Auf dieser Basis sind Tim Oberdiek und sein Team längst andere Wege gegangen. „Wir veranstalten hier bei uns einmal im Jahr das „Reste“-Essen“. Wir wollen möglichst vielen Leuten zeigen, dass man sich mit Genuss von der Wegwerf-Gesellschaft beim Thema Essen verabschieden kann“, erklärt Tim Oberdiek. Gekocht wird mit Dingen, die woanders im Essensabfall landen. Zudem ist das Hotel auch Mitglied in der internationalen Initiative United Against Waste (Gemeinsam gegen Verschwendung). Um die Essens-Abfälle im Hotelbetrieb zu verringern, wurde sogar der tägliche Rücklauf auf den Tellern aus dem Restaurant penibel genau gewogen und per Computer erfasst.

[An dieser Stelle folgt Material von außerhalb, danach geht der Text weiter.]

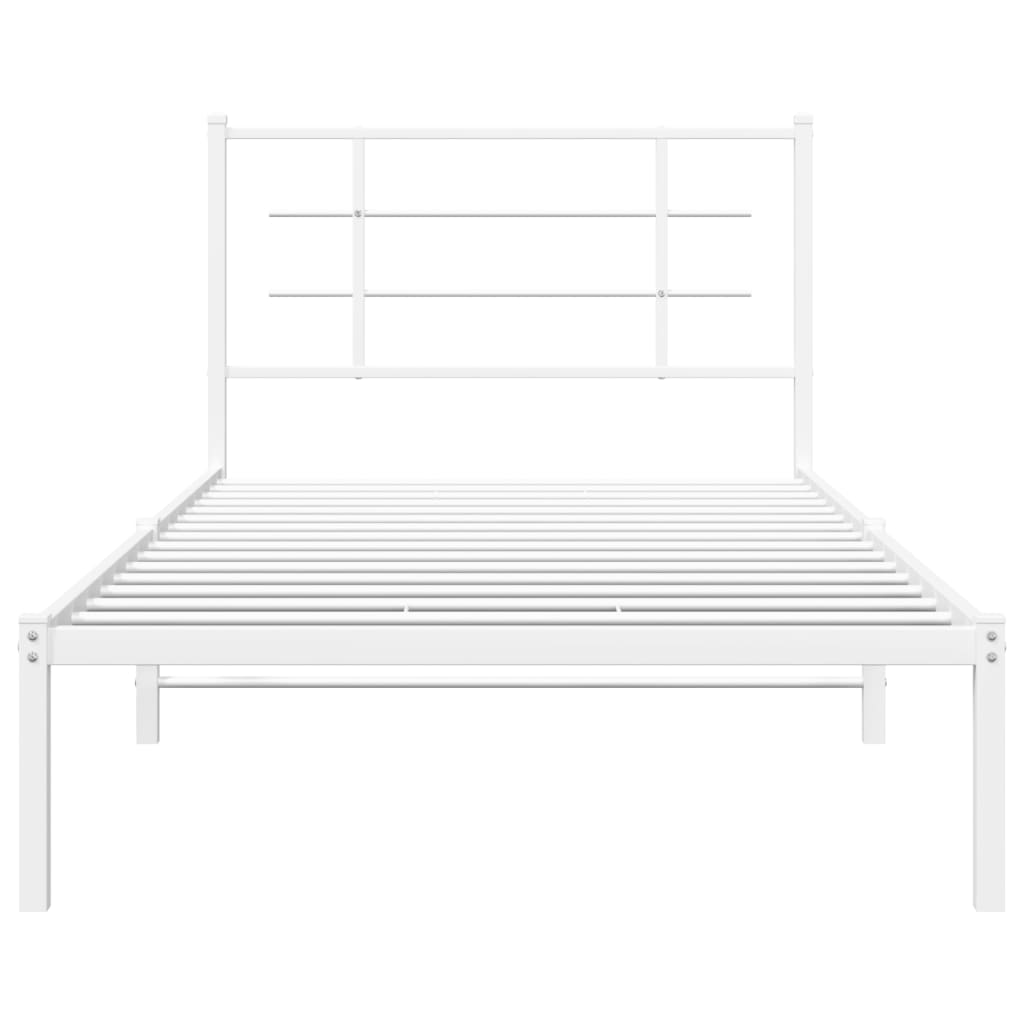 Bedframe Metaal 100 x 200 cm Wit met hoofdbord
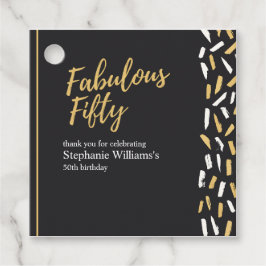 Fabulous Fifty Golden Modern Woman's 50th Birthday Gåvor Etiketter
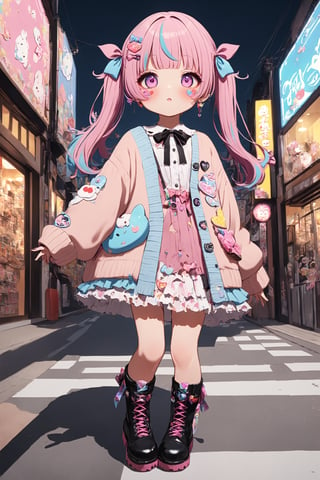 1girl,ultra Realistic,
Harajuku Style grunge fashion with kawaii and Lolita themes. She wears a distressed pastel dress with lace, an oversized torn cardigan, and chunky Combat boots, Her pastel-streaked pigtails are adorned with bows and clips, and her makeup features glitter and heart-shaped stickers. She stands in a vibrant Harajuku street, blending sweetness with a rebellious edge.,Ground Mine Girl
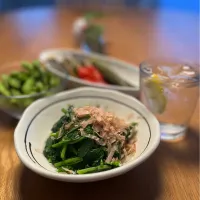 7/22の夕食　モロヘイヤ のおひたし|yoneさん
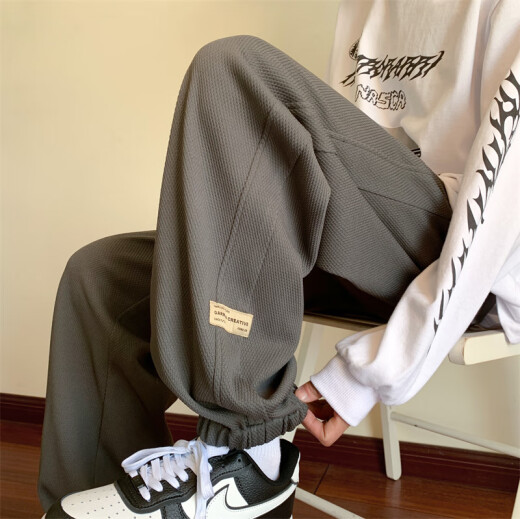 
You Ruike Fat 240 Large Size Spring and Summer Casual Cropped Pants Men Plus Large Size Loose Wide Legs Ties Fat 200 Jin [Jin equals 0.5 kg] K1049 Black 5XL 210-240 Jin [Jin equals 0.5 kg]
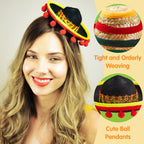 JOYIN 6-Pack Cinco De Mayo Fiesta Fabric & Straw Sombrero Headbands – Party Props & Favors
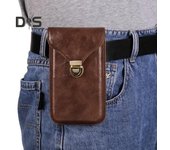 Riñonera para teléfono móvil, funda para teléfono móvil, de piel sintética suave, con cierre a presión, color liso, ajuste regular, portátil, para hombre 16cm marrón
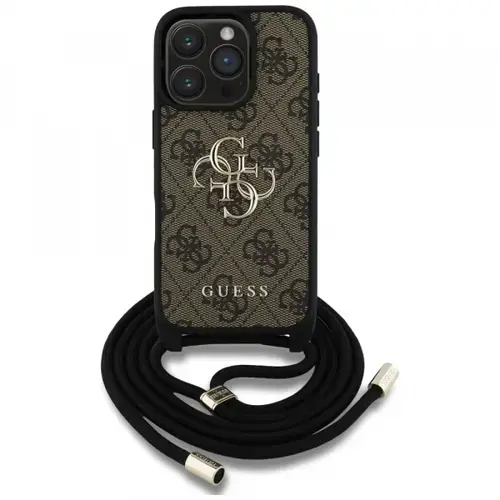 Husa pentru Apple iPhone 16 Pro, Guess, 4G CBDY Big Logo with Cord Strap, Maro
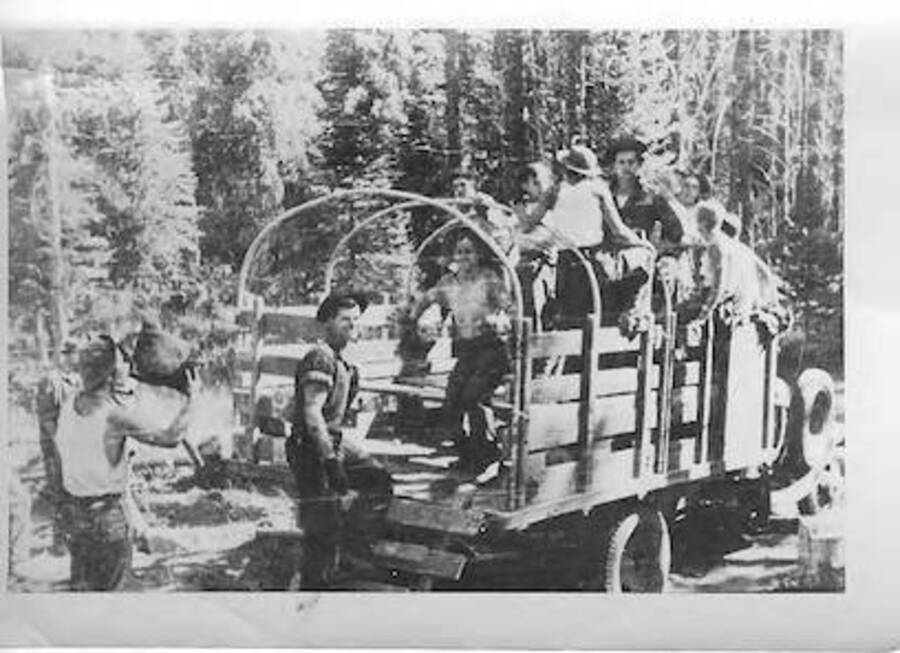 Work crew, Camp Smith Ferry, 1939. Caption: 'to/from fire'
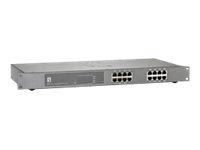 LevelOne Switch 16x GE GEP-1621 19" 240W 16xPoE+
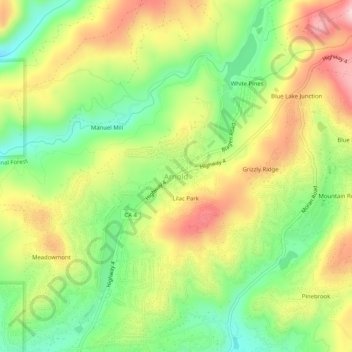 Mappa topografica Arnold, altitudine, rilievo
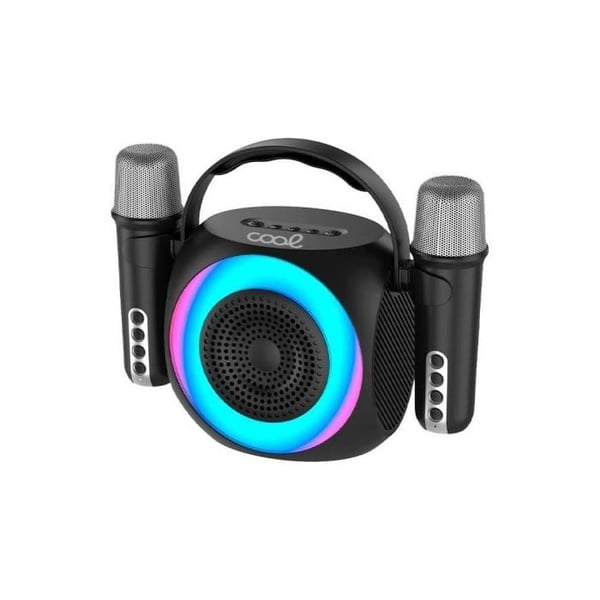 Cool Mini Karaoke Party Bluetooth Portabel Højtaler 6W + 2 Mikrofons Sort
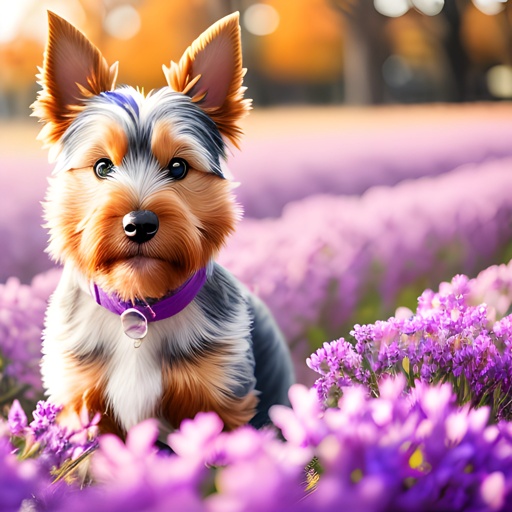 a small dog that is sitting in a field of flowers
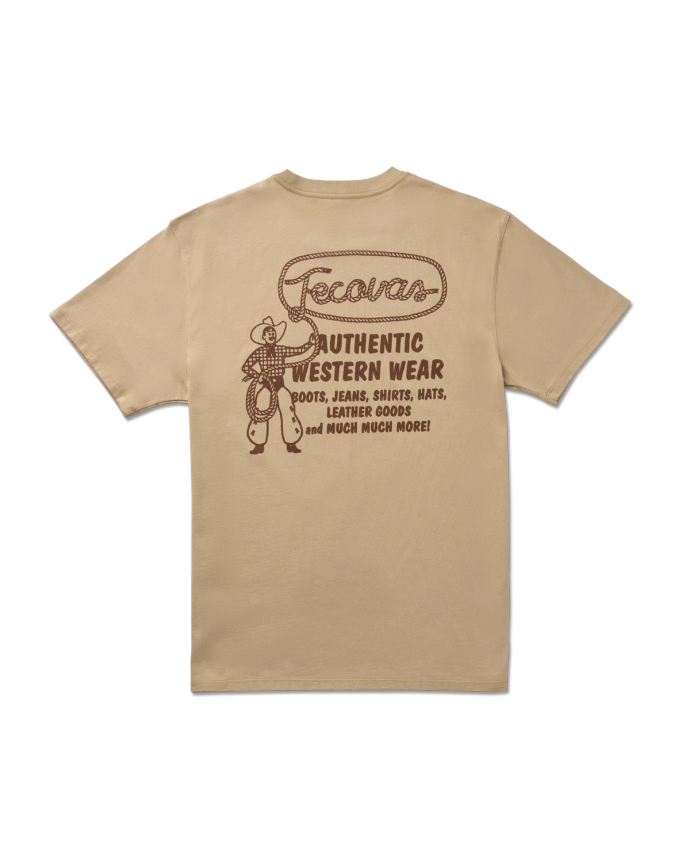 Back view of Men's Authentic Western Wears Tee - Khaki / Brown on plain background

„Dadurch konnten wir die optimale Essensmenge pro Gast ermitteln. Vor gut fünf Jahren hatten wir im Schnitt noch um die 140 Gramm Rücklauf pro Teller. Heute hat sich diese Zahl auf gut 70 Gramm – also um die Hälfte – reduziert“, ist Vincent Hackstein begeistert. Die Portionen sind damit fast optimal auf die Gäste zugeschnitten. Und wer etwas nachhaben will, bekommt selbstverständlich einen Nachschlag. Darauf wird schon beim Servieren hingewiesen. Die Gäste wissen den kostenlosen und charmanten Service-Gedanken zu schätzen. Durch das ökologische Miteinander produziert das Sail City Hotel deutlich weniger Essensabfall: Allein im Jahr 2016 sind fast 2000 Liter weniger Speisereste im Abfalleimer gelandet.
Zum Gesamtkonzept gehört sogar, dass die einzelnen Butterportionen auf den Tischen genau auf die Größe der Brötchen abgestimmt sind. „Wir lassen extra passende Brötchen dafür backen, damit keine Butter verschwendet wird“, sagt Tim Oberdieck stolz. In diesem Moment springen an der Essensausgabe die rötlich-leuchtenden Warmhalte-Lampen über der Arbeitsfläche an. Der Mittagsbetrieb beginnt. „Aber“, saust Vincent Hackstein gut gelaunt auf der anderen Seite des Tresens heran, „das war nicht immer so. Wir haben einen Sensor eingebaut. Die Lampen springen nur an, wenn auch wirklich etwas druntersteht, das warm gehalten werden muss.“ In den meisten anderen Restaurants laufen die Wärmelampen durchgehend. „Was da an Energie rausgeht“, schüttelt Tim Oberdieck den Kopf.
Beim Einsatz für die Umwelt ist das Atlantic Sail City Hotel noch längst nicht am Ende angekommen. Die Energie soll bestenfalls nur noch von Ökostrom-Anbietern kommen, die Energieeffizienz der Elektrogeräte in der Küchewird weiter optimiert und es geht vor allem auch um die kleinen Dinge. Genauer gesagt: Um Bienen. Auf dem Dach des hoteleigenen Konferenz-Zentrums stehen während der warmen Jahreszeit tatsächlich Bienenstöcke mit rund 240.000 der fleißigen Pollensammlerinnen.
Der „Seestadthonig“ wird vom befreundeten Imker geerntet, geschleudert und direkt im Hotel zum Frühstück serviert. „Lecker“, schwärmt Tim Oberdieck. Dass es auch noch hauseigene Brötchen dazu gibt, die im Durchmesser der Buttermenge angepasst sind, lässt nur einen Schluss zu: Endlich ist es mal positiv, dass jemand kleine Brötchen backt.